Every language choice has trade-offs. To address your specific request, I am
not bothered by the issues you raise because there are strategies to
ameliorate them. Security issues and corrupting memory largely come from
unbounded data. C has _fantastic_ tooling to profile and analyze applications.
Unlike Go, there is always something you can do to achieve your desired
behavior. YES there are warts and problems a-plenty, but they are well-known
and there is a vast collection of people and articles about dealing with them.

I never meant to imply that C was more safe than Go. Erlang is, which I meant
to imply with the comment about immutable message passing concurrency.
Immutable message passing concurrency is amazingly safe and free from classes
of errors that Go programmers still have to deal with (race conditions!) In
Go, the canonical style is to pass pointers through channels (and pass
ownership along with it.) Two goroutines can still mutate the same object out
from under each other, leading to all of the potential issues you run into
with multithreading in C.

The Go garbage collector sucks, currently (check out the recent mailing list
threads with trivial applications that trip it up.) They know this and it is
on the roadmap for development, but it isn't there yet; stopping the world to
do your work (and taking a LONG time to do so in perverse cases) is not
something I want to deal with. When using a "systems" language, I want to have
repeatable and knowable performance.

Using the unsafe package defeats all of the benefits of using Go while
maintaining all of its shortcomings. Additionally, there is great difficulty
with incorporating existing C libraries (yes, cgo is an option but it does not
work with gccgo and it is poorly documented -- for instance, how do you make
the Go garbage collector aware of C struct lifetimes?) Even if you stay within
the language, you have to choose lightweight go-routines or optimized code
generation (gc vs gccgo.)

Another irritating thing is that Go maps cannot have binary data as keys, only
certain types (numbers and strings, basically.) Discovering this was not easy,
and the suggested answer is to coerce an array of bytes to a string (making a
copy) for storage and every time the key should be accessed.

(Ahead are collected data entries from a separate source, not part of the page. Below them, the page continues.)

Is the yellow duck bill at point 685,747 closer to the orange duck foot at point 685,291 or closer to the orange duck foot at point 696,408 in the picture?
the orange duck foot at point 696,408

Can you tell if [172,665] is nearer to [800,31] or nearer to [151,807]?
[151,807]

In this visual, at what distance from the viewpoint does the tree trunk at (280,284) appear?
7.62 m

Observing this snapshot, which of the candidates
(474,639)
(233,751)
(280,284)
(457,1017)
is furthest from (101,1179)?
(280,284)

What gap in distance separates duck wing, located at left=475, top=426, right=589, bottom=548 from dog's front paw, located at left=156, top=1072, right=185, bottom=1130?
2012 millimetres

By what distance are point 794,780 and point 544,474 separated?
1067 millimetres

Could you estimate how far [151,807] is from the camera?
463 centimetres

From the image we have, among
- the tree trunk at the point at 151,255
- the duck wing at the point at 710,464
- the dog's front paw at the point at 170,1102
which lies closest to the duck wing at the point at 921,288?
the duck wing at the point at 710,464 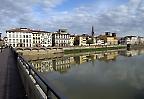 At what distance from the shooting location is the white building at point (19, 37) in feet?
363

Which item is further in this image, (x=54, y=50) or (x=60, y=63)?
(x=54, y=50)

> If you looked at Go, it must have been from a very, very far away.

Just because I have come to different conclusions than you have, please do not
assume my view lacks research or analysis.

------
Aloisius
I for one look forward to an endless stream of "X support in Go" and "Y
reimplemented in Go" posts over the next few years.

And judging from the last 20 years of programming language evangelism/flame
wars, I completely expect to see "X support in AnotherLanguage" and "Y
reimplemented in AnotherLanguage" posts followed up by "How AnotherLanguage is
so much better than Go" and "AnotherLanguage vs. Go."

Sadly, what we'll never see is a retrospective along the lines of, "Did we
waste all our time reinventing the wheel in AnotherLanguage?"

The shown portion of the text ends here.